I can only hope that the little piece I lost today is his plan. That it is a piece I don’t need anymore, than He will replace it with something better, something more like him.

“Remain in me, as I remain in you. Just as a branch cannot bear fruit on its own unless it remains on the vine, so neither can you unless you remain in me.” John 15:4

Here I am, hurting and mad, but remaining.

Weathered Storms

I’m very new to blogging.  In fact, I have started and deleted several blog posts over the past 3 years in an attempt to start; this is the first one I’ve had the courage to share. This is something I’ve been encouraged to do by the ones I love, my husband and 6 children, brother-in-law, and lots of other friends and family.  It is also something I feel called to do. And so here it goes:

I think if this blog is to be successful, readers need to know me.   My childhood was rocky at best, a series of weathered storms. I never really knew my biological father and my step-dad was in prison for several years of my childhood and then died when I was a teenager.  During those years my siblings and I often lived in foster homes or shelters.

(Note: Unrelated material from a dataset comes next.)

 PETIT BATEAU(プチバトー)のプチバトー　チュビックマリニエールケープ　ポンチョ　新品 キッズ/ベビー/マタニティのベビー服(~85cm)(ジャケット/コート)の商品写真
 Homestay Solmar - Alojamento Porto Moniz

Surviving that and finding my husband and starting a family was supposed to be my happy ending.  Then my son was diagnosed with Duchenne Muscular Dystrophy, a genetic fatal progressive muscle wasting disease.  His diagnosis then led to the same diagnosis for two of his brothers. Life since D-Day (diagnosis day) has been another series of weathered storms.

I use the words ‘weathered storms’ because I think they best describe surviving, coming out on the other side of a difficult situation but not coming out unscathed.  I weathered the storms, but each of them affected me, changed me.  I used to tease my husband that I was like a bargain wife…he got a good deal because I was damaged goods, like the dented cans you can buy out of the clearance cart at a grocery store.  Looking back that was probably a harsh way to describe myself and it was a description my husband would never accept. But accurate, in that I was damaged, but still good.  Surviving something hard changes you, sometimes for the better, sometimes for the worst.

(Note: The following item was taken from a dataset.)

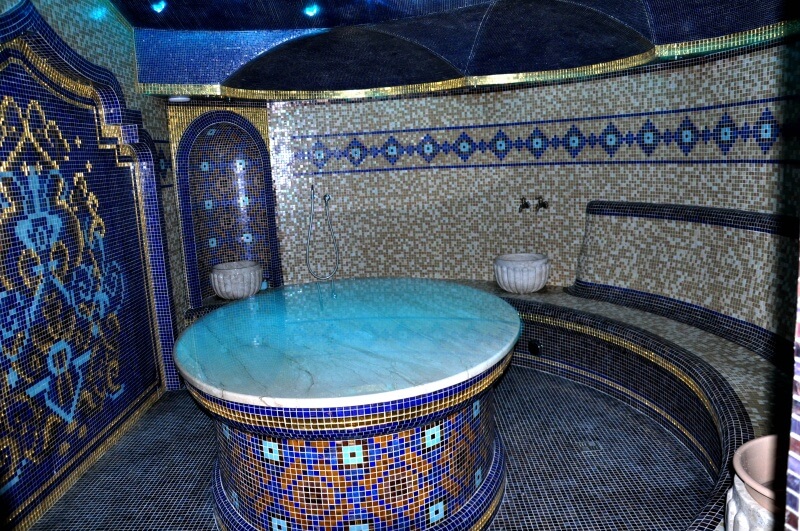 Стол в хамаме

I remember a conversation with my older sister.  After my boys were diagnosed she was hurting for me.  She had said something along the lines of it not being fair that after a hellacious childhood, half of my children would have this awful disease. There were times I thought those same things, but what I believe is that all of those childhood years of challenges and heartache taught me to fight.

I survived my childhood. And although full of quirks because of it, I did become a strong fighter…the exact kind of fighter my children need me to be…the exact kind that has the courage to tell doctors I think they are wrong, the exact kind that can be with my children at hospitals and keep them smiling and happy no matter how much I am hurting on the inside.

Surving starts to mean something else after a storm.  It is not just living through something, but learning to live after something.  It wasn’t until my children were diagnosed that surviving meant making the most of every minute and enjoying my family in spite of what the disease was doing to the boys and to our family.  I learned and am still learning that even strong fighters cannot do it alone.  I need the kindness and support of others, the love of my husband and children and the faith that God is with me every step of the way.

The first series of weather storms made me a fighter, sometimes a viscous fighter; too independent; and sharply jaded.  The second storm in my life, the diagnosis and beginning stages of Duchenne rounded out the jaded edges, lowered the walls I had built around me.  I had to learn to accept help and love. Weathering the storms in my life is helping me become the mother I never knew I would need to be.